→ **Directions for this task**: Copy exactly the lines of the records below, and only those lines, beginning with the line that contains "Sunset Towers condo" and ending with the line that contains "お部屋のある４階部分の共用廊下です。".

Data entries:
+ + + +
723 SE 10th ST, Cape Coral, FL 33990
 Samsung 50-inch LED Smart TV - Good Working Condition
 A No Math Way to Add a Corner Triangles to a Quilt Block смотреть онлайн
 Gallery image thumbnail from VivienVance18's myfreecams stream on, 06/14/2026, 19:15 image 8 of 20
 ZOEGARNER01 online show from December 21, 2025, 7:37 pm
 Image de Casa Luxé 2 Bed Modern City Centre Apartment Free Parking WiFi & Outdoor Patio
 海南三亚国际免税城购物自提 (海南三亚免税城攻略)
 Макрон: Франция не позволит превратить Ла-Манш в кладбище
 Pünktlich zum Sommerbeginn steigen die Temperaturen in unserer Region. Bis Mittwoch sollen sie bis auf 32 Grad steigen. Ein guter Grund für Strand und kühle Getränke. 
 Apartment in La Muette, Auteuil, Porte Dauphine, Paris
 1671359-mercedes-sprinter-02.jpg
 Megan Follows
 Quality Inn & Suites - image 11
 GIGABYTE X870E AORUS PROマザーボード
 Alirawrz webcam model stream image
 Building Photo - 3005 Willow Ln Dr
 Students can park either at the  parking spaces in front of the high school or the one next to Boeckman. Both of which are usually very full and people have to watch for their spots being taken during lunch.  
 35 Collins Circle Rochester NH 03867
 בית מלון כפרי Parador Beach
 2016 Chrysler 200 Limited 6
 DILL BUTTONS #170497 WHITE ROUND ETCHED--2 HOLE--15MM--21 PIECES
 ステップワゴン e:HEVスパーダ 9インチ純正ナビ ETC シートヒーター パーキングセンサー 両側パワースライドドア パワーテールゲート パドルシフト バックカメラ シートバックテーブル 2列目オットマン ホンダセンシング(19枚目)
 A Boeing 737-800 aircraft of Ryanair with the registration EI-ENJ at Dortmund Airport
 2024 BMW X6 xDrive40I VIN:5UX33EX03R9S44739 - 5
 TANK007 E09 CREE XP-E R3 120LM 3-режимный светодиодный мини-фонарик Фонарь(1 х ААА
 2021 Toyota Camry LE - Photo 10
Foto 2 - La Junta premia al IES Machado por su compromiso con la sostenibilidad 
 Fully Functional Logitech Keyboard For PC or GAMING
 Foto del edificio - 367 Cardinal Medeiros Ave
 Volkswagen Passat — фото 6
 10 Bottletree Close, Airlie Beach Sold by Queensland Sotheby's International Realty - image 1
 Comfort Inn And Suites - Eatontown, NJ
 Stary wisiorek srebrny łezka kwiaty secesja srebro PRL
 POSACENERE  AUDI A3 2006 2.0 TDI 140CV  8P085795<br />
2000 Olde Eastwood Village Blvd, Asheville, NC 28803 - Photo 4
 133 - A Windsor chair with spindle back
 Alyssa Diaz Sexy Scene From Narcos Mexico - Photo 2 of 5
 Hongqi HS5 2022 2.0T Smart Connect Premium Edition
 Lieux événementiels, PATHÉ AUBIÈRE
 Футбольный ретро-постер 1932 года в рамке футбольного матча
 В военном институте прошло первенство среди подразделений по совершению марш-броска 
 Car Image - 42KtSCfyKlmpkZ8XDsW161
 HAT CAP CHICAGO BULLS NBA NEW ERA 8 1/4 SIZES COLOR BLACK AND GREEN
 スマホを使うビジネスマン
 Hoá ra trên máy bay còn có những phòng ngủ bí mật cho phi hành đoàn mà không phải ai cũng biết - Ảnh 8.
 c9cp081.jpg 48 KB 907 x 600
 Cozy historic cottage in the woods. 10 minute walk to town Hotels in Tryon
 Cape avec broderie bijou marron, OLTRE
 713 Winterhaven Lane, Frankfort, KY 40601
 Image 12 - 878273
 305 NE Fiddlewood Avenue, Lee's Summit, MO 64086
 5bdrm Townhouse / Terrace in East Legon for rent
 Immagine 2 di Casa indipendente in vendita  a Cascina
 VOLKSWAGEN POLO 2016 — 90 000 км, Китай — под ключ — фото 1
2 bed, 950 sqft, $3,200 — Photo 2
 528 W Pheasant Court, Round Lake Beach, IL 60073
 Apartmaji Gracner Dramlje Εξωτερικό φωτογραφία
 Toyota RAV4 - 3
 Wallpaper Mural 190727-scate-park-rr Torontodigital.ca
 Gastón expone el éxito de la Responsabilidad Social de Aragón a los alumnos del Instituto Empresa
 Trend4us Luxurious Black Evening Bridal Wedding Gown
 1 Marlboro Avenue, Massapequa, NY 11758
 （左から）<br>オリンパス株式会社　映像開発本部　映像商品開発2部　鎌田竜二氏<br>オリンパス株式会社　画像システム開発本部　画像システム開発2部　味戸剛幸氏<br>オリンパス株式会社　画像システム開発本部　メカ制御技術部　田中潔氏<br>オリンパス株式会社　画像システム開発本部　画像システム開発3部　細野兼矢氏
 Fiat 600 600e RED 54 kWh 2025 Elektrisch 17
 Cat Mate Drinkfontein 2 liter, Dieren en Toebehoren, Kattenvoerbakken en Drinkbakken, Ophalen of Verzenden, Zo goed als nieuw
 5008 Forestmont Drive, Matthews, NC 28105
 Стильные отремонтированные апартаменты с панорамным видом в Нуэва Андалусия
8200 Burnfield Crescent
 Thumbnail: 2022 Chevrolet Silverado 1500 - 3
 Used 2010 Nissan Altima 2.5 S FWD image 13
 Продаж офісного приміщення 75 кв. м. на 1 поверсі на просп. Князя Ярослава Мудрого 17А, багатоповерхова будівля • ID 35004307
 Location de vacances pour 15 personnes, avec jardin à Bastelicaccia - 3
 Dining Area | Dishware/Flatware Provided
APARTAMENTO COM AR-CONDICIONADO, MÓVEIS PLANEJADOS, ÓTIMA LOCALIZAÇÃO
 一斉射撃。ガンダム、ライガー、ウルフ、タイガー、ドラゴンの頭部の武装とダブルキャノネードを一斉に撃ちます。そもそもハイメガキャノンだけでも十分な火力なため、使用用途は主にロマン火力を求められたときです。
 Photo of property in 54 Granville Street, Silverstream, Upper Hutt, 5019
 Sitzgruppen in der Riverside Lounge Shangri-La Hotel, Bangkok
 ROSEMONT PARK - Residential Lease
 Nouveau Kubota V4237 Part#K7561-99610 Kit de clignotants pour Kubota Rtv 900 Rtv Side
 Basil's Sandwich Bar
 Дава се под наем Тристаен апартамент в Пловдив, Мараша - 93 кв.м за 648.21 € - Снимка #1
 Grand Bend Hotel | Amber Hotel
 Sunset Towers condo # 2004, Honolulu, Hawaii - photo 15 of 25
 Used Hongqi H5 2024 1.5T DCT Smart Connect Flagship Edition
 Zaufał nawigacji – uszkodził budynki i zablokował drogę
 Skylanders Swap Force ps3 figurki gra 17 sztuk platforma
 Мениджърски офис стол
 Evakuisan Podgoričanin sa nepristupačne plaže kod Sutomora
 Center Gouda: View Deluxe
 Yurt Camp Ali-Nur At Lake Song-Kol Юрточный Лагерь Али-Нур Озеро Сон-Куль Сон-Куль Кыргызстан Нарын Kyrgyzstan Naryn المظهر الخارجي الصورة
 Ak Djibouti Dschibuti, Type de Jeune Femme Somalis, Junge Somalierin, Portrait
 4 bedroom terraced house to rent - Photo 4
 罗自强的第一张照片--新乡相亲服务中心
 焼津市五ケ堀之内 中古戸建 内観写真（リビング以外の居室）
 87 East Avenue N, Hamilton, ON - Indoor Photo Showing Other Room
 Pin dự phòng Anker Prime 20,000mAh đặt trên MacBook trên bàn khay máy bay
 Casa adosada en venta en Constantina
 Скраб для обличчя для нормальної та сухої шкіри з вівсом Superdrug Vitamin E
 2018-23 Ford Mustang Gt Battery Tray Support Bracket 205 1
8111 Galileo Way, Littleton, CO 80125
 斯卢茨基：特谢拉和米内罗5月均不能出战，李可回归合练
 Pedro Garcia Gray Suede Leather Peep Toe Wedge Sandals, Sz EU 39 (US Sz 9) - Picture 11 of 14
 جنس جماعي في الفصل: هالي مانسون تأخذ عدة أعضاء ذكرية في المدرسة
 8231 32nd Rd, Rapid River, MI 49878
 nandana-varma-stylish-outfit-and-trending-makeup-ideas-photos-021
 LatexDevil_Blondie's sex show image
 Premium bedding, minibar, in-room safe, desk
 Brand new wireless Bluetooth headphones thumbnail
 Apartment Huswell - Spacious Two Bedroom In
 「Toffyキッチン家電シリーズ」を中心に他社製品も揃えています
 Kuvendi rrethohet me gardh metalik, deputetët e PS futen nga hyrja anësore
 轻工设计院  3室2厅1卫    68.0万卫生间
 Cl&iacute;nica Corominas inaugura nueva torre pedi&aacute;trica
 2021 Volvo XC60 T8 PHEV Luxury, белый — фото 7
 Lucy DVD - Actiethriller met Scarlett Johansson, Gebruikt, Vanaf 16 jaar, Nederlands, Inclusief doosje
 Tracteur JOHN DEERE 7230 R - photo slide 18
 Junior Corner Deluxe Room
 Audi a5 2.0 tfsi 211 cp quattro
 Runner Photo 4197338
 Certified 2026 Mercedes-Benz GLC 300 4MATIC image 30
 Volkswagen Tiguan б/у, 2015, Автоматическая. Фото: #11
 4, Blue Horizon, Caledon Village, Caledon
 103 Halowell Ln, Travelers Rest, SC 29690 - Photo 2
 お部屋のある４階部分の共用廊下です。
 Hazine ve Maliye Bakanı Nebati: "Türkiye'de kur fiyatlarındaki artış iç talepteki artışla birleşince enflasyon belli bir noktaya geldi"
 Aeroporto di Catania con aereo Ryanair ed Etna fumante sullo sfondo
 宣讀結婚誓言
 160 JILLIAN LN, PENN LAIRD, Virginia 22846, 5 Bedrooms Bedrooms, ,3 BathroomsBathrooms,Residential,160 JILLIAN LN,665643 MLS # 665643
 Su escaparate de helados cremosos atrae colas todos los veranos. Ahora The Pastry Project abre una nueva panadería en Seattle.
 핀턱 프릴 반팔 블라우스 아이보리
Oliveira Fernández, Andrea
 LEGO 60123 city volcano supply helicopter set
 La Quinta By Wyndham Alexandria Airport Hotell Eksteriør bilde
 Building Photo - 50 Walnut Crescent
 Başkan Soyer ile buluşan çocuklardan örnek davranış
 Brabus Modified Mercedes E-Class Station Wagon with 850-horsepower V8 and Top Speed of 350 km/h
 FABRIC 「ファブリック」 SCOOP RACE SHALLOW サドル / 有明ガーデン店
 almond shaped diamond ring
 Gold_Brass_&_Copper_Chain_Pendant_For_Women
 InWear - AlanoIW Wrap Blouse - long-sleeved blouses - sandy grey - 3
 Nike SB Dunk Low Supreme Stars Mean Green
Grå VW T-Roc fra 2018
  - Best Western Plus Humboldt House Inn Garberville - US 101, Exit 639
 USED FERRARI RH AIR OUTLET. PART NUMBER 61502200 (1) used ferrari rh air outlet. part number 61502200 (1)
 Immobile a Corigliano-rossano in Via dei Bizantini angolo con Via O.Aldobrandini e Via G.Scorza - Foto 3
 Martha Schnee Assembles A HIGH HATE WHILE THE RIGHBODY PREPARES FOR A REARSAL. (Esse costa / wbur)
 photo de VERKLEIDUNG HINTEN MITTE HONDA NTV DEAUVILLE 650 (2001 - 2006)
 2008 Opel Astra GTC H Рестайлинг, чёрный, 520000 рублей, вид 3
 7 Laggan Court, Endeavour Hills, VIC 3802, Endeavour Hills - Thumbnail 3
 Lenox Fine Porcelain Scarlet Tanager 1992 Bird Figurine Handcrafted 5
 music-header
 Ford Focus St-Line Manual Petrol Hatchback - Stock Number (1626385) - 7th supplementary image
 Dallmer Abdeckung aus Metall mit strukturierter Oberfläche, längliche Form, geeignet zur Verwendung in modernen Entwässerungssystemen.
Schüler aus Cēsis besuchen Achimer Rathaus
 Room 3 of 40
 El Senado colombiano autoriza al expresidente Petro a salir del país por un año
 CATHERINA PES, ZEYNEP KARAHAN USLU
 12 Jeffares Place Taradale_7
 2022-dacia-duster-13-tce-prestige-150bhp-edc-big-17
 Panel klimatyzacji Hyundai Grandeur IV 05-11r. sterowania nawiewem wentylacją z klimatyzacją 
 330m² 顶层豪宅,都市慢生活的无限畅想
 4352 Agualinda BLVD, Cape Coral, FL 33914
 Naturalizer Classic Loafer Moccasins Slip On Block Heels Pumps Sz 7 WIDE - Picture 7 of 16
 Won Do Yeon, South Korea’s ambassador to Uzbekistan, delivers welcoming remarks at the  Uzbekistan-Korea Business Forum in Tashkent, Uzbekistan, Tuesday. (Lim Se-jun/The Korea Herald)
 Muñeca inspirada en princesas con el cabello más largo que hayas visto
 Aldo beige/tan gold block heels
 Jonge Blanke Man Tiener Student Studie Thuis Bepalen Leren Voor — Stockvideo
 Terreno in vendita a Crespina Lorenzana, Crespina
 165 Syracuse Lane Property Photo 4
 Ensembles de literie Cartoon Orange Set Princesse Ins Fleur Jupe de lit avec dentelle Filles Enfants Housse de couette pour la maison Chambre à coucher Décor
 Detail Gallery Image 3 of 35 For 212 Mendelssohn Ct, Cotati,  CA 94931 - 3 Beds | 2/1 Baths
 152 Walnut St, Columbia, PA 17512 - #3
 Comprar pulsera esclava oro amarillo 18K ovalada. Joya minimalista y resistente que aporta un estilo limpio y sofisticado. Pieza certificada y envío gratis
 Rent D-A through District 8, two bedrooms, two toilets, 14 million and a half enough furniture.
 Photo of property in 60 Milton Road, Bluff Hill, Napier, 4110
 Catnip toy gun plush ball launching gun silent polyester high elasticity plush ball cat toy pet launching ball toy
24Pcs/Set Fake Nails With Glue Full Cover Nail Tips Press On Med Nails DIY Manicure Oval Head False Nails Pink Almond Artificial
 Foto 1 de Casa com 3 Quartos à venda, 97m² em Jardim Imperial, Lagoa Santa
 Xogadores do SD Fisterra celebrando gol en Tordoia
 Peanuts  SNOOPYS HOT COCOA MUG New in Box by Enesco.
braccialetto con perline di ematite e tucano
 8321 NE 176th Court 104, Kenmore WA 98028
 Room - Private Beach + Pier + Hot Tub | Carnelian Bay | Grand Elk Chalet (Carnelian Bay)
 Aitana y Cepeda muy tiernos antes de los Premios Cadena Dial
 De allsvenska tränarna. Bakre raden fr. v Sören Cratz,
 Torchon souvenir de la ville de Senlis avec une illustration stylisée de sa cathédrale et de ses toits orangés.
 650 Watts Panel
+ + + +
→ **Response to the exercise**:
 Sunset Towers condo # 2004, Honolulu, Hawaii - photo 15 of 25
 Used Hongqi H5 2024 1.5T DCT Smart Connect Flagship Edition
 Zaufał nawigacji – uszkodził budynki i zablokował drogę
 Skylanders Swap Force ps3 figurki gra 17 sztuk platforma
 Мениджърски офис стол
 Evakuisan Podgoričanin sa nepristupačne plaže kod Sutomora
 Center Gouda: View Deluxe
 Yurt Camp Ali-Nur At Lake Song-Kol Юрточный Лагерь Али-Нур Озеро Сон-Куль Сон-Куль Кыргызстан Нарын Kyrgyzstan Naryn المظهر الخارجي الصورة
 Ak Djibouti Dschibuti, Type de Jeune Femme Somalis, Junge Somalierin, Portrait
 4 bedroom terraced house to rent - Photo 4
 罗自强的第一张照片--新乡相亲服务中心
 焼津市五ケ堀之内 中古戸建 内観写真（リビング以外の居室）
 87 East Avenue N, Hamilton, ON - Indoor Photo Showing Other Room
 Pin dự phòng Anker Prime 20,000mAh đặt trên MacBook trên bàn khay máy bay
 Casa adosada en venta en Constantina
 Скраб для обличчя для нормальної та сухої шкіри з вівсом Superdrug Vitamin E
 2018-23 Ford Mustang Gt Battery Tray Support Bracket 205 1
8111 Galileo Way, Littleton, CO 80125
 斯卢茨基：特谢拉和米内罗5月均不能出战，李可回归合练
 Pedro Garcia Gray Suede Leather Peep Toe Wedge Sandals, Sz EU 39 (US Sz 9) - Picture 11 of 14
 جنس جماعي في الفصل: هالي مانسون تأخذ عدة أعضاء ذكرية في المدرسة
 8231 32nd Rd, Rapid River, MI 49878
 nandana-varma-stylish-outfit-and-trending-makeup-ideas-photos-021
 LatexDevil_Blondie's sex show image
 Premium bedding, minibar, in-room safe, desk
 Brand new wireless Bluetooth headphones thumbnail
 Apartment Huswell - Spacious Two Bedroom In
 「Toffyキッチン家電シリーズ」を中心に他社製品も揃えています
 Kuvendi rrethohet me gardh metalik, deputetët e PS futen nga hyrja anësore
 轻工设计院  3室2厅1卫    68.0万卫生间
 Cl&iacute;nica Corominas inaugura nueva torre pedi&aacute;trica
 2021 Volvo XC60 T8 PHEV Luxury, белый — фото 7
 Lucy DVD - Actiethriller met Scarlett Johansson, Gebruikt, Vanaf 16 jaar, Nederlands, Inclusief doosje
 Tracteur JOHN DEERE 7230 R - photo slide 18
 Junior Corner Deluxe Room
 Audi a5 2.0 tfsi 211 cp quattro
 Runner Photo 4197338
 Certified 2026 Mercedes-Benz GLC 300 4MATIC image 30
 Volkswagen Tiguan б/у, 2015, Автоматическая. Фото: #11
 4, Blue Horizon, Caledon Village, Caledon
 103 Halowell Ln, Travelers Rest, SC 29690 - Photo 2
 お部屋のある４階部分の共用廊下です。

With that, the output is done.